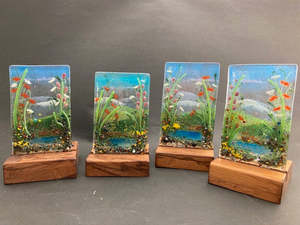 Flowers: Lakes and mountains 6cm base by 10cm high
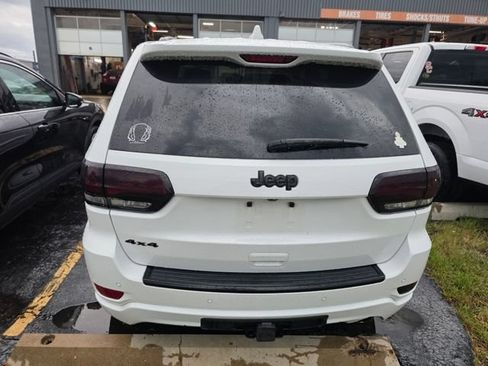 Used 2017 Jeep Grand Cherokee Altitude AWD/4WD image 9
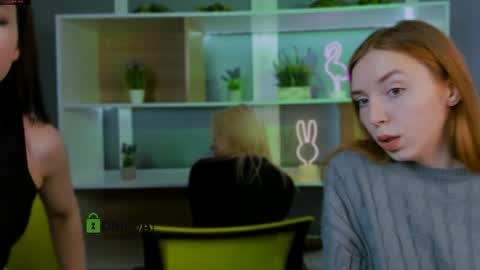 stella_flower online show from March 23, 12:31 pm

--

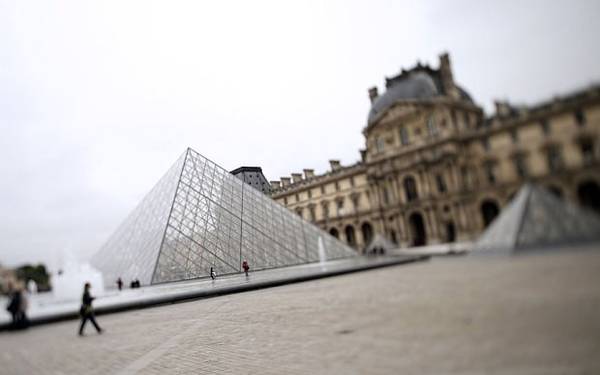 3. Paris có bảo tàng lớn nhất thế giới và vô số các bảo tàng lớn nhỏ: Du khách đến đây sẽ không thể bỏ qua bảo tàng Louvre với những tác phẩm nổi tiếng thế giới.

◆ Problem ◆
Everything between and including the line above containing "Flowers: Lakes and" and the line containing "stella_flower online show" should be reproduced exactly, with pictures excluded.

◆ Expected output ◆
 Flowers: Lakes and mountains 6cm base by 10cm high
 Used 2017 Jeep Grand Cherokee Altitude AWD/4WD image 9
 stella_flower online show from March 23, 12:31 pm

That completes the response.